I just completed Analytics Vidhya’s course on SQL for Data Science and here’s what I’ve learned in that.
Data Science essentially applies to get insights from data and analyzing it to draw conclusions. We all know, most of the data is present in databases and SQL is nothing but the language which helps us communicate with databases.
So learning SQL for Data Science is more of a prerequisite for being successful in this field.
The following article discusses how to manage SQL from Python which is a powerful skill to master.
What I used: Anaconda Command Prompt, Sublime Text Editor, OS: Windows 10, SQL Command Line
You need to set up a virtual environment. Why?
- Virtual Environment as the name suggests is different from the actual Python Environment.
- To manipulate SQL, you will need to install or make changes in some packages. The virtual environment will ensure that these changes do not affect other projects, the main python installation, or even people working on the same machine.
- So, a virtual environment provides you your copy of Python so that you can make changes, installing or uninstalling packages freely.
Creating a virtual environment
(I executed the following on Anaconda Command Prompt:)
conda create — name myenv (here myenv is the name of your virtual environment)
To activate this environment, use-
conda activate myenv ##This will create a directory namely myenv
Note how (base) changes to (myenv) when you activate your environment.
Similarly, to deactivate this environment, use
conda deactivate myenv
Installing required packages:
Run this command:
pip install mysql-connector-python
The required package is installed.
We will write our python code for executing SQL queries in Sublime Text Editor. To execute Sublime Text python files from the command prompt, you need to create an environment variable. If you don’t know how to do that, you can check this.
Now, when you type subl in the command prompt, it will open the Sublime Text Editor from right there. Create a new python file. I have named my file HelloWorld.py
Run a test command print(“Hello World”) to ensure that your file is executing.
Connecting to MySQL
db = mysql.connector.connect(host=’localhost’, user=’yourusername’, passwd=’yourpass’, database=’fifa19', port=’3307', auth_plugin=’mysql_native_password’)
1. type your MySQL username and password in the arguments user and passwd.
2. database will have the name of the database you want to use.
3. MySQL port is 3307. If your port is 3306, you don’t need to specify explicitly.
4. auth_plugin=’mysql_native_password’: this argument is specified to avoid authentication error.
This creates an object of MySQL.connector.connection
Viewing data from Database
We use the cursor method to create a cursor object which is used to execute statements to communicate with MySQL databases.
The following code is written in the text editor.

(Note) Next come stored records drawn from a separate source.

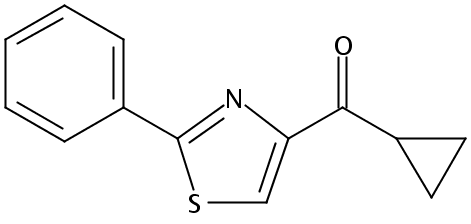 Cyclopropyl(2-phenylthiazol-4-yl)methanone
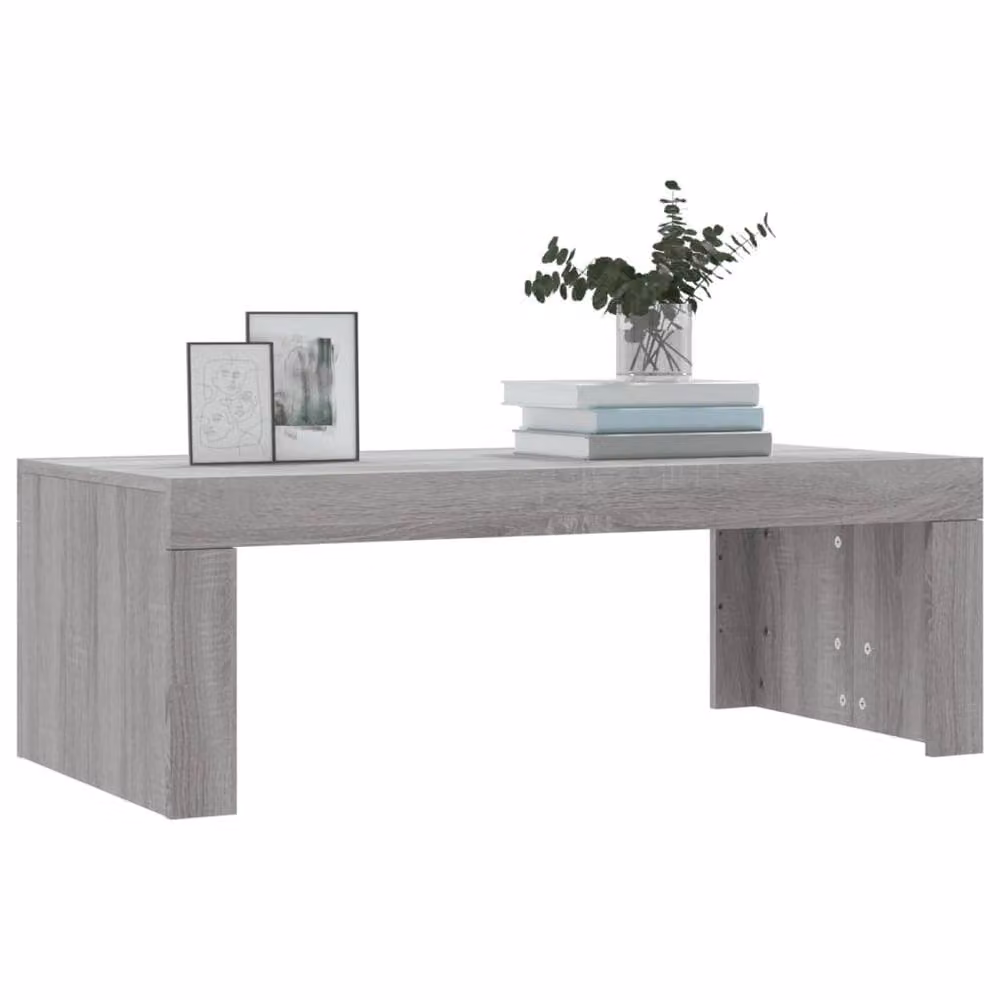 Berkfield Home Grey Sonoma Coffee Table, W/D/H: 102 x 50 x 36 cm – 3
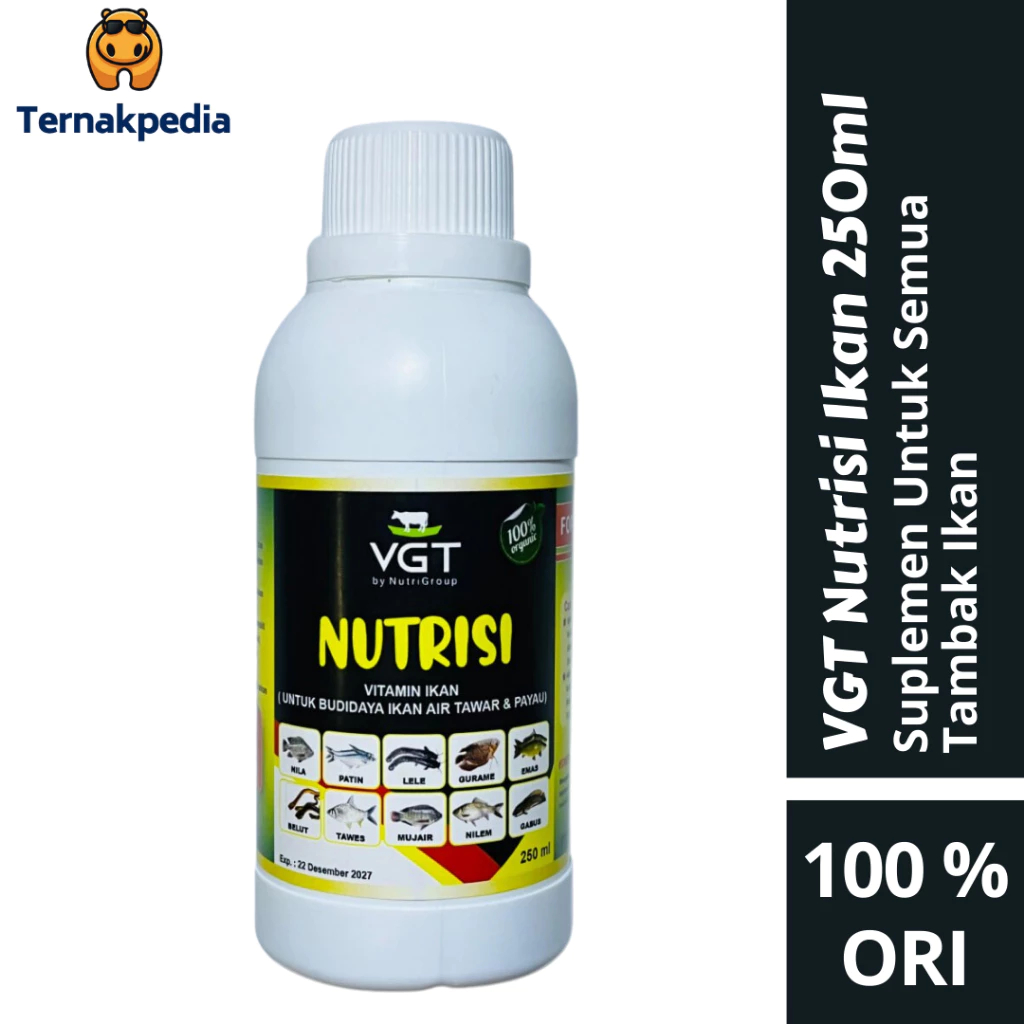 VGT Nutrisi Ikan 250ml - Suplemen Untuk Semua Tambak Ikan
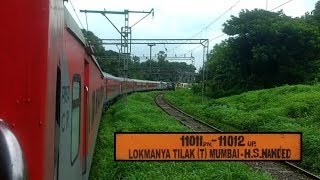 11011 Mumbai LTT - Nanded Express | LHB Rake - AC 3-Tier | Mumbai LTT to Pune Junction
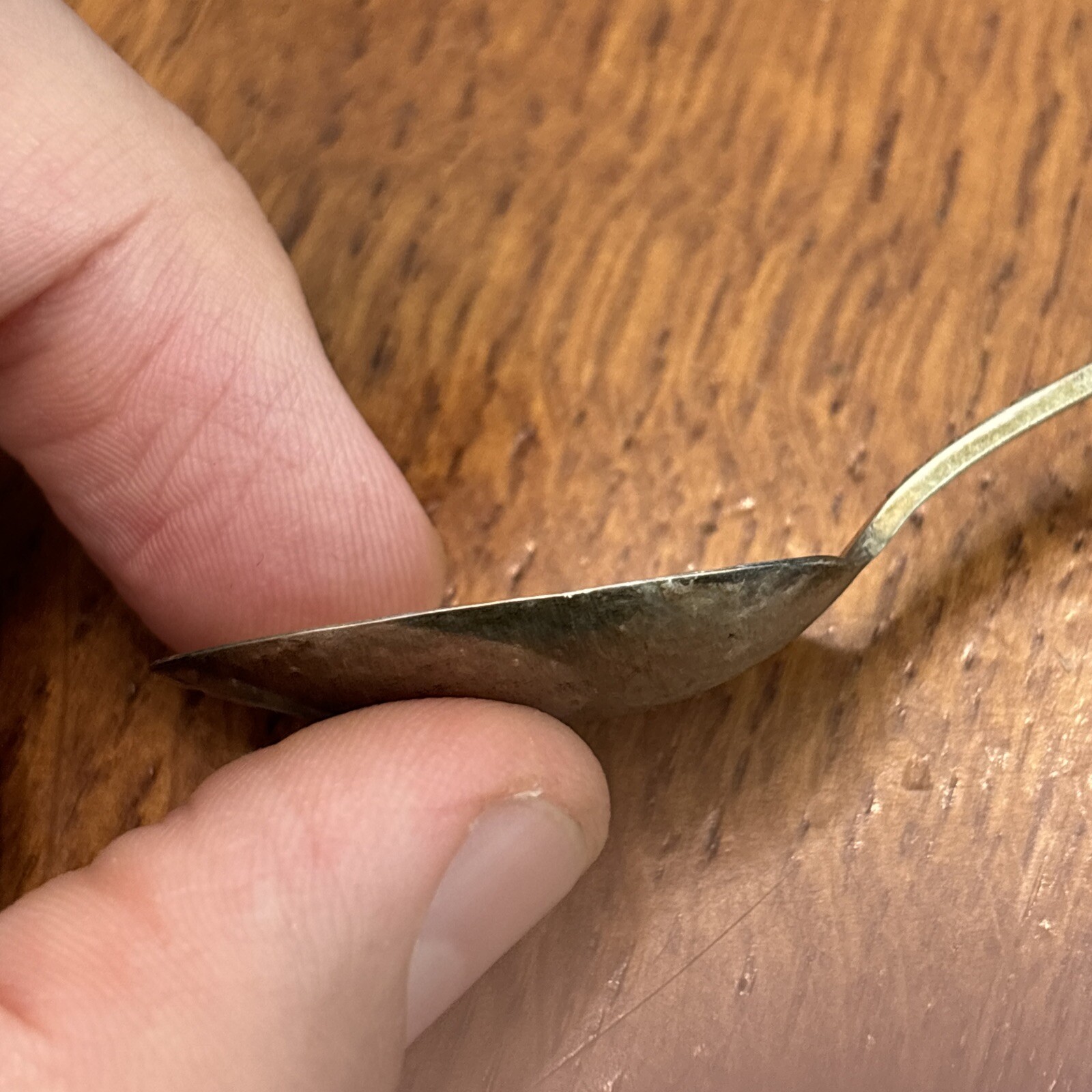 Antique H H Tammen Native American Face Souvenir Spoon Sterling Colorado Springs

crs = db.cursor() crs.execute(“select * from players limit 10”) result = crs.fetchall()
1. crs is the name of my cursor object.
2. execute() accepts SQL queries as a parameter and executes the given query.
3. The result variable stores the result set of fetchall() method.

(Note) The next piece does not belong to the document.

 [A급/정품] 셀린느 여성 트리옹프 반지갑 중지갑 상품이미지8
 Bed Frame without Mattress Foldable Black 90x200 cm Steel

4. fetchall() method returns the result set of the query in the form of tuples.
5. pprint() prints the output in a more formatted and readable way. [You can import pprint with: from pprint import pprint]

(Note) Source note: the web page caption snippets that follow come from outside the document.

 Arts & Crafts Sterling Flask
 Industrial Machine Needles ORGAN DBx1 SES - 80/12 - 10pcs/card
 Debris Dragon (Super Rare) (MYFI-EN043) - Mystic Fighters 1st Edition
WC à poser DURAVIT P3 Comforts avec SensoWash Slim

Save and run the file through the command prompt. The output will look as follows:
Write the following code in the text editor:
cmd=”create table contacts(Name Varchar(255),PhoneNo int(12))” print(cmd) crs.execute(cmd)
Note that we execute all queries on the cursor object.
Save and run the file on the command prompt. This will create a table named ‘contacts’ in your database. You can check the same using your sql command line.
The code for the insert command looks like:
insert_command= “insert into contacts(Name,PhoneNo) values(%s,%s)” values=(“Sejal”,987654321)
Here, db.commit() is required to be executed every time we make changes to the database. This method is used to ensure that changes in the database are consistent.
Run the file and you will be able to see that data has been added to your table. You can verify this using SQL command line.
The code for the searching records looks like:
crs.execute(“select Name from players where Nationality=’United States’”) result = crs.fetchall()
Here, we are trying to look for names of players whose Nationality is the United States.
The output will look as follows:
The code for deleting records looks like:
crs.execute(“delete from contacts”) db.commit()
Remember, we use db.commit() to ensure that changes are reflected in the database.
After the file is run, you can see that the records have been deleted from the database.
Hope you learned something in a relatively easier way how to manipulate SQL in Python!